This entry was posted on Tuesday, December 18th, 2007 at 9:18 pm and is filed under Education, Trades, system trading. You can follow any responses to this entry through the RSS 2.0 feed. You can leave a response, or trackback from your own site.
Just a quick follow up on my post last night about the T2108 and Ultimate Oscillator System. The T2108 indicator popped back above the 20 level so we will not have any new entries tomorrow. As I noted last night the entries were to be EWS and VNQ at the open this morning.
EWS was entered at $13.84 with a 3% profit target at $14.25
VNQ was entered at $61.87 with a 3% profit target at $63.73
also if the Ultimate Oscillator were to close above a reading of 50 this would also trigger an exit.
Walking the readers through an example like this zeros in on the critical component of exposure. Before the trade we determined the number of entries the system can hold and how many can enter per day. If the market were to have a big up day tomorrow and trigger the 3% profit target my exposure would have only been 2 out of 8 potential holdings, or 25% exposure. Yet if I had taken all of the entries that triggered I could have 7 holdings as that was the number of buy signals we created yesterday. In portfolio level backtesting this component is so important to define. If you use the same entry criteria at all times your exposure could soar on some waves and on others it will be light. That is reality- real trading. You can’t just keep buying beyond your levels of equity or comfort. Yet if you are too conservative you may end up always having to little exposure. The key is through backtesting finding a happy medium.
Yet if I were not to explain this component and just throw out signals, and they happen to all win….what did that tell you? How much did the system move up? Without knowing how many positions the system can hold there is absolutely no way to say. Next time you see a trade thrown out by another market commentator make sure you know how much of the particular systems equity it represents and how much equity that system makes up of the total portfolio. Otherwise the value of such advice is quite limited.
Have a Great Night!
Dave Johnson
December 18th, 2007 at 10:21 pm
Dave,
For this system, is there a hard stop loss level that you adhere to? Or you just follow the system, and get out when it tells you to, for either a profit or a loss?
I’m thinking that it’s possible for the oscillator to turn down again from here before reaching 50; for example, that could happen if there’d be a sell-off tomorrow, although the chance is low. Eventually the oscillator will turn back up to over 50, but maybe at a much lower price level, where the system exits with a loss.
If, for example, the loss would reach 3% before the indicator reach 50, I believe you’d stay until the system tells you to exit, even though that could mean a much bigger loss?
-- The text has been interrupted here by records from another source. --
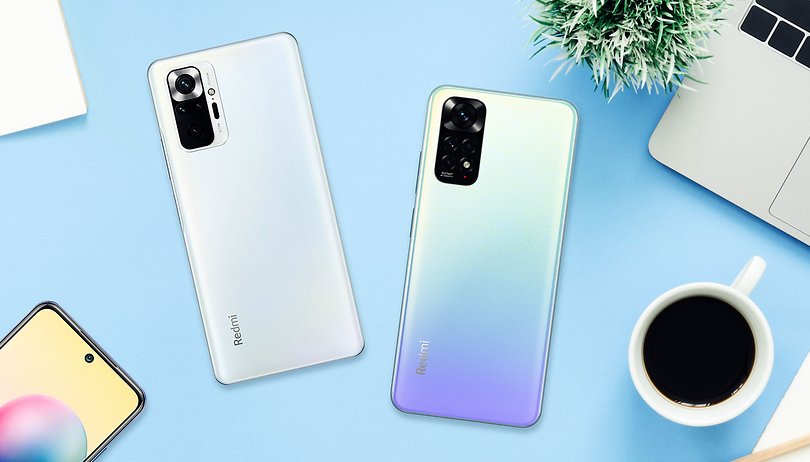 The Redmi Note 11 Pro and Redmi Note 11 Pro Plus to launch globally soon,  likely in Europe first -  News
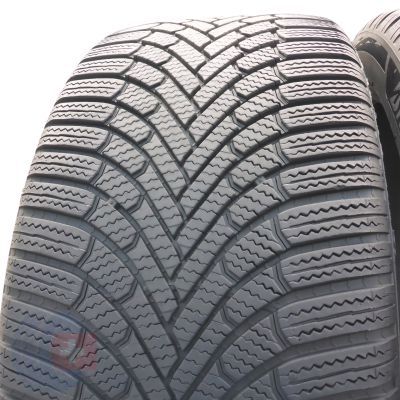 2.  255 40 20 2x BRIDGESTONE 255/40 R20 101W XL Blizzak 6 Winterreifen  2025 7-6,5mm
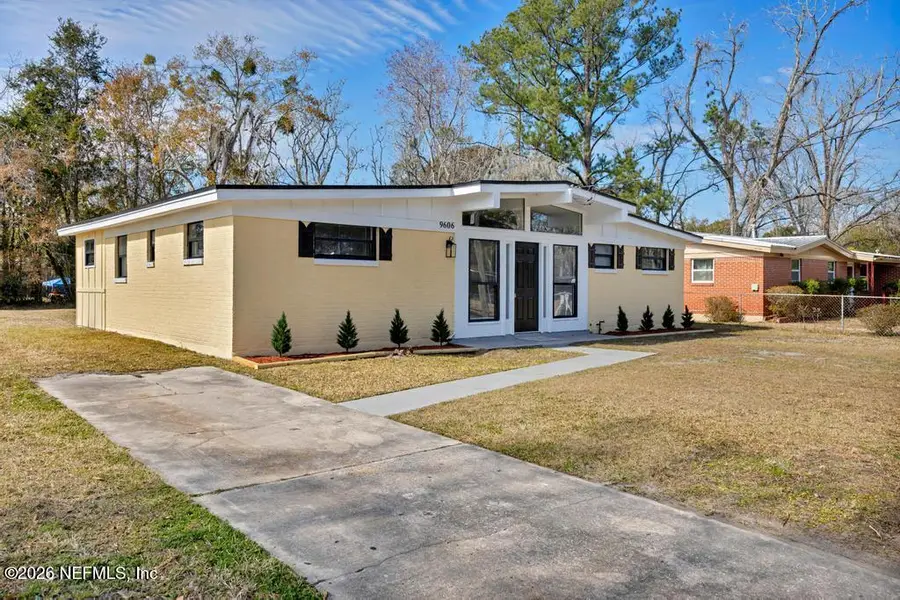 9606 Evesham Road, Jacksonville, FL 32208 - Image #2
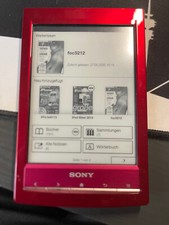 Sony prs 2gb gebraucht kaufen  Großbeeren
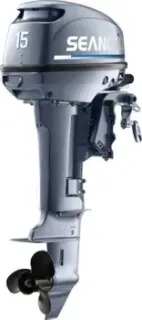 Seanovo SN15FHS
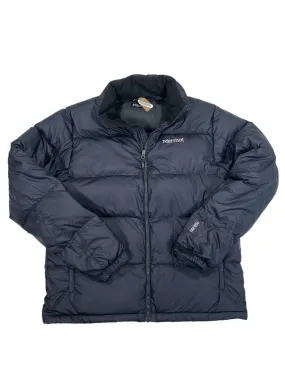 Mens 700-Fill Ouray Quilted Down Jacket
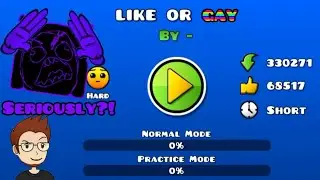 Like or gay in Featured levels? Geometry dash world 2.2 update | Geometry dash 2.2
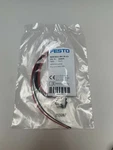 Festo Nebv-h1g2-kn-1-n-le2 566655 Cable Assembly. Fixed Price $25.99.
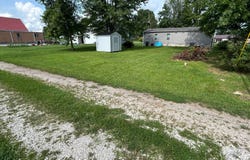 813 S Main Street, Clay City, IL 62824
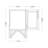 Mehpare Entertainment Center for TVs up to 65"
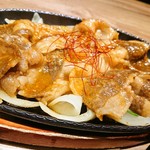 炭火焼肉 有田牛 - 炭火焼肉 有田牛 泉岳寺駅前店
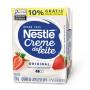 Creme de Leite Nestlé Caixinha 200g - 10% grátis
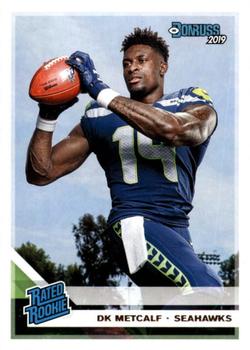 DK Metcalf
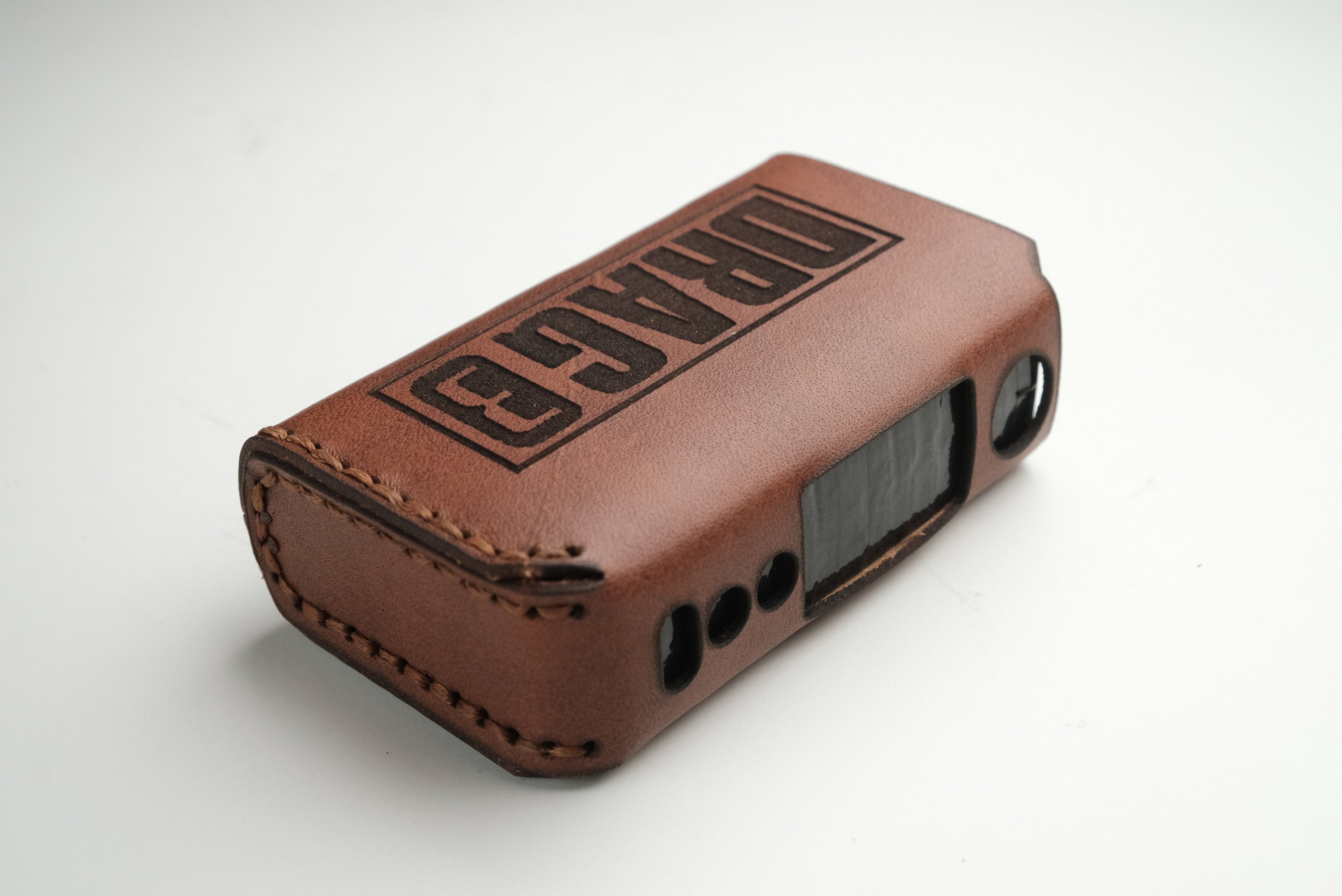 voopoo drag 2 leather case VOOPOO Drag Min 117w Silicone Vape Case # 008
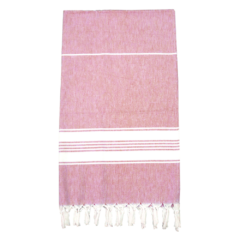 Trekk 100% Cotton Turkish Towel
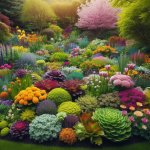 How to Select Perennials for Spring Planting Success? - Gardening Tips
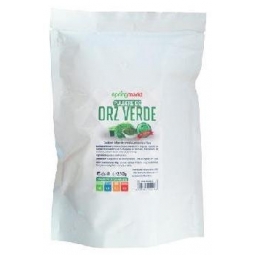 Pulbere orz verde 250g - SPRINGMARKT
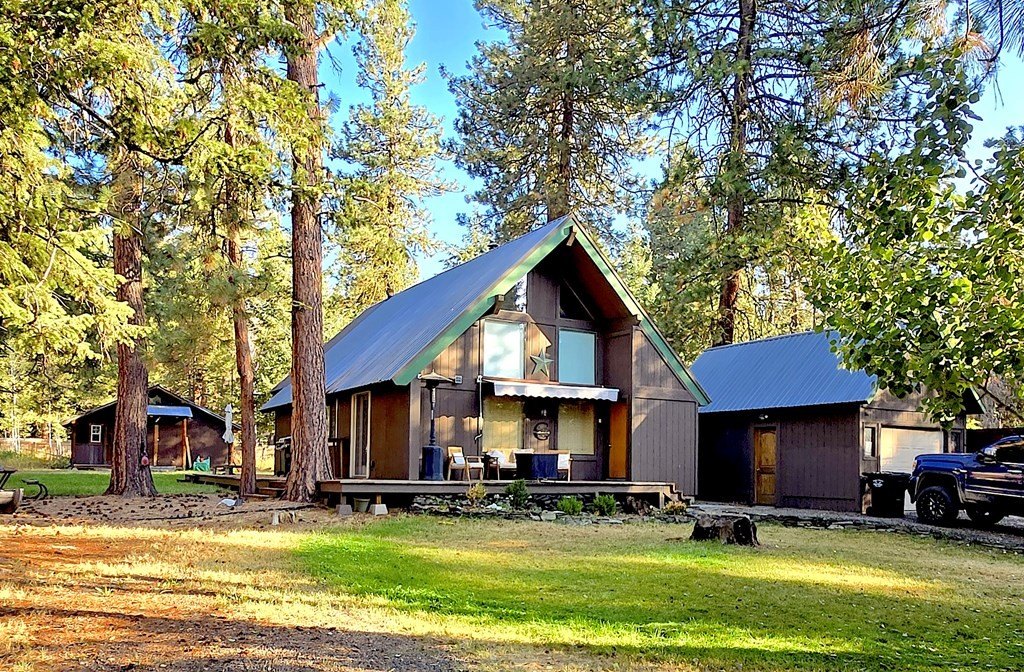 McCall, Idaho, 83638, United States, 3 Bedrooms Bedrooms, ,1.5 BathroomsBathrooms,Residential,Forsale,1996723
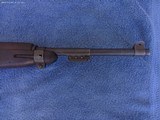 M1 Carbine Manufactured by Inland Division of General Motors During WWII - Very Rare X Suffix Serial Number, Only 32 On Record - 11 of 20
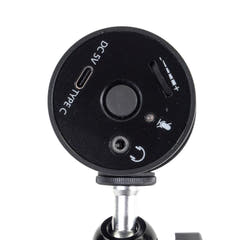 StudioMate SC180 USB Micrófono con Luz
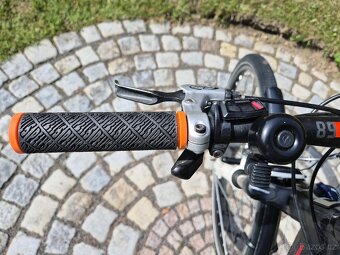 KROSOVÉ TREKINGOVÉ KOLO PELL'S CRONO ELITE 2013 - TOP STAV - 8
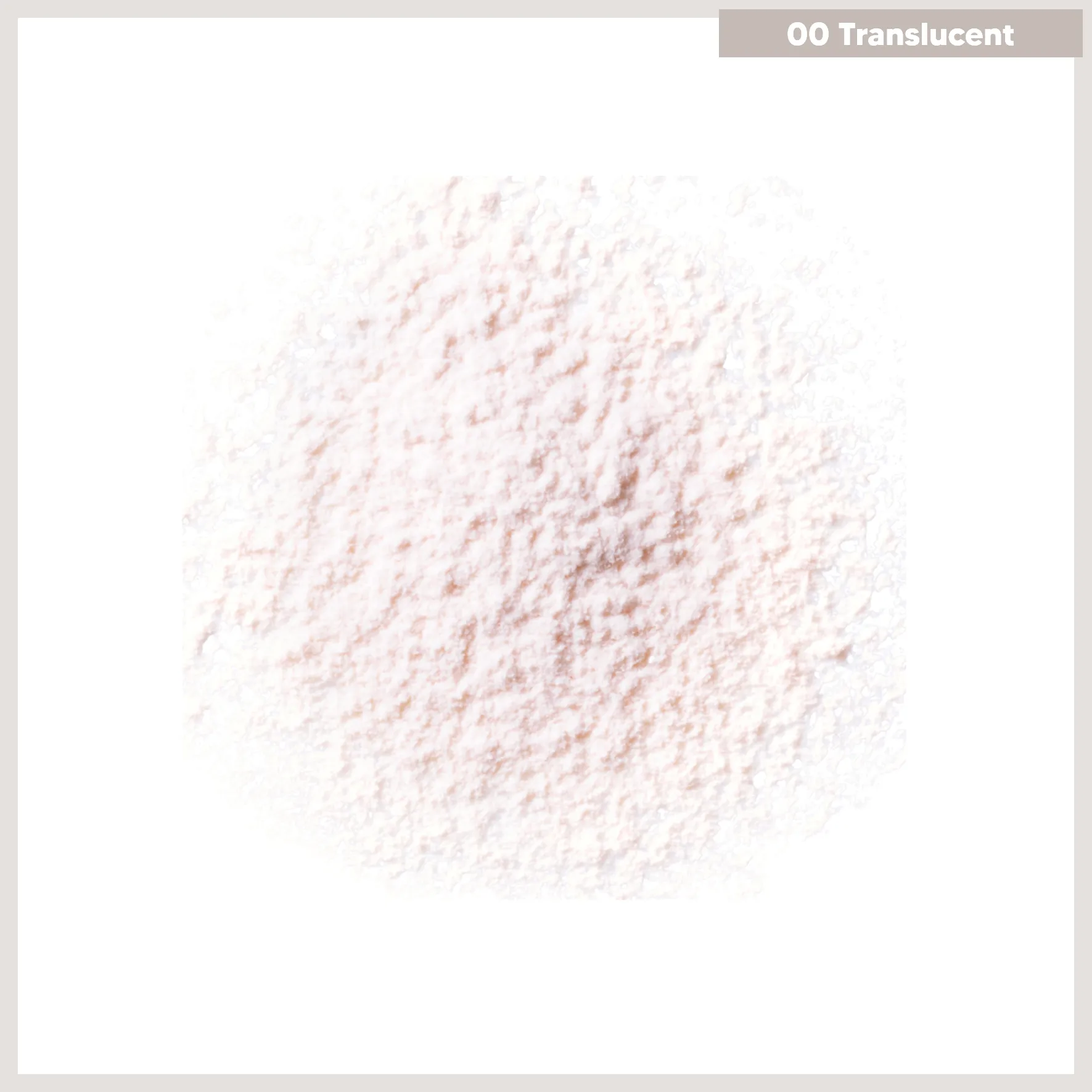 SNIDEL BEAUTY Loose Powder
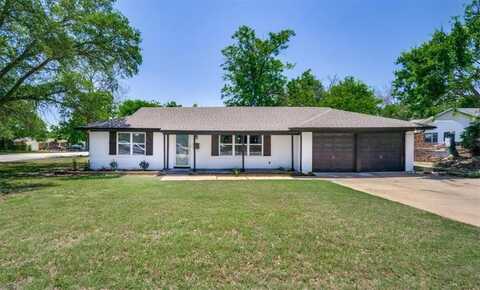 3501 Wedgway Drive, Fort Worth, TX 76133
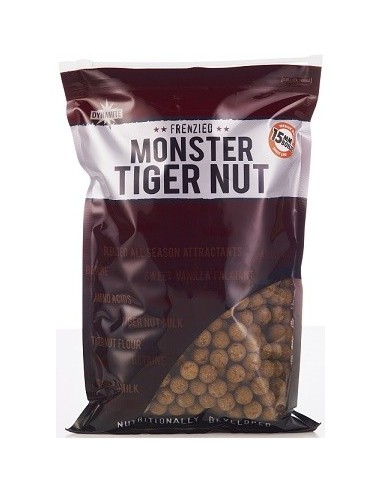 Dynamite baits monster tiger nut 1 kg 18mm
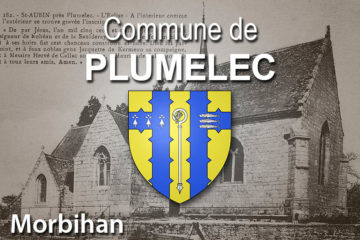 Commune de Plumelec.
By the way, it looks like you’re using different parameters than the default (7,14,28) for the ultimate oscillator. Please ignore my curiosity if it’s proprietary. I’ve tried a few settings, and the closest seems to be 6,12,24.
Thanks,
Rob
December 19th, 2007 at 9:09 am
The system as tested has no hard stop. What must be remembered is that we are buying ET’f so we are essentially raising exposure in this one system. Whereas because of a lack of trend we are in a high cash position. This type of system typically is the first to say “i believe we are oversold and we need to add some exposure” The system as it stands now is only exposed 25%. On a historical basis getting up to the full 8 holdings is not always easy. Again this is based on backtests I’ve run on a multitude of scenarios.
As you noted this could go down further. If it does the T2108 would move back under 20 and we possibly could add
another position or 2. Just slowly creeping exposure in these oversold areas. Technically on the indices we are potentially in an area where that could happen. But adding some exposure down here is the trade.
December 19th, 2007 at 9:21 am
also i should add that the average holding period on these entries is only 6 days. So being in these oversold conditions have tended in the past to mark reversals. Beyond 11 days the performance does begin to wane so if you felt uncomfortable without a stop I would use a 12 day timeout exit. After that you could pull the plug on a trade. But these first initial entries could easily be down 15%. Whereas newer entries would typically have a lesser drawdown as they enter after the big drop. But again the trade is not really heavy until we hit more entries.
I am as concerned about a further fall in the market as anyone but this system has a very positive expectancy. If I am wrong this wave I only give back what I made the last time we came down here. Also I do believe the default setting is 7,14,28 on the indicator although I need to verify that. We would need to compare data to see how much were off.
December 20th, 2007 at 1:24 am
Dave,
Thank you for your detailed explanation of the trading plan. The reason I was asking about the oscillator’s settings was that I used stockcharts.com, and their oscillator showed slightly higher value than your system’s, and according to that, a couple of signals wouldn’t have been triggered yesterday, VNQ and HHH, if I remember correctly.